Los expertos estiman que la criatura quedó atrapada desde el Pleistoceno tardío, una época en la que todavía habitaban mamuts lanudos en el planeta. La especie, recién identificada, recibió el nombre de *Acanthocystis yamallongha* —que significa “espíritu del borde de la Tierra”— y se caracteriza por estar cubierta de intrincadas escamas y espinas muy finas, con un grosor menor a una milésima de milímetro.
El organismo fue extraído con éxito de sedimentos cercanos al río Kheigiyakha por investigadores de la Universidad Estatal de Tyumen, quienes también consiguieron mantenerlo con vida en condiciones de laboratorio.
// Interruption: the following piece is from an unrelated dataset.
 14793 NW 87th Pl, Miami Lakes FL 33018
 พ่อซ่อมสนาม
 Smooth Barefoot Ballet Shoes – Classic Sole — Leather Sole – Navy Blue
Según el científico German Sozonov, “realmente se le puede describir como un fósil viviente”. A diferencia de sus parientes modernos, el organismo mostró hábitos alimenticios distintos.
Este ejemplar pertenece al grupo de los heliozoos centrohélidos, un conjunto de depredadores unicelulares con tentáculos y espinas. El hallazgo sorprendió a los científicos rusos, quienes destacaron que el organismo se mantuvo vivo tras miles de años en un estado de animación suspendida.
Sozonov agregó: “Nunca antes había trabajado con muestras de esta antigüedad, por lo que esperaba una baja diversidad de microorganismos. Esto hizo que el descubrimiento de protistas activos fuera aún más inesperado”. El estudio indica que el organismo representa un linaje evolutivo completamente nuevo para la ciencia.
Los investigadores sostienen que el microdepredador sobrevivió a lo largo de casi 40 mil años gracias a un proceso llamado criptobiosis, mediante el cual forma una capa protectora de sílice y detiene casi por completo su metabolismo. Este mecanismo le permitió resistir en un estado cercano a la muerte, preservado por el permafrost.
Este hallazgo amplía la comprensión sobre la capacidad de supervivencia de los organismos microscópicos en condiciones extremas, sugiriendo que pueden persistir mucho tiempo más de lo que se creía.
Por otro lado, los científicos aclararon que el organismo no representa ningún peligro para la vida humana. “No es un parásito ni un patógeno”, aseguró Sozonov.
El permafrost siberiano, que cubre alrededor de una cuarta parte de la superficie terrestre del hemisferio norte, actúa como un congelador natural que preserva formas de vida antiguas durante milenios. En años recientes, ya se habían identificado varias bacterias y microorganismos antiguos en esta zona.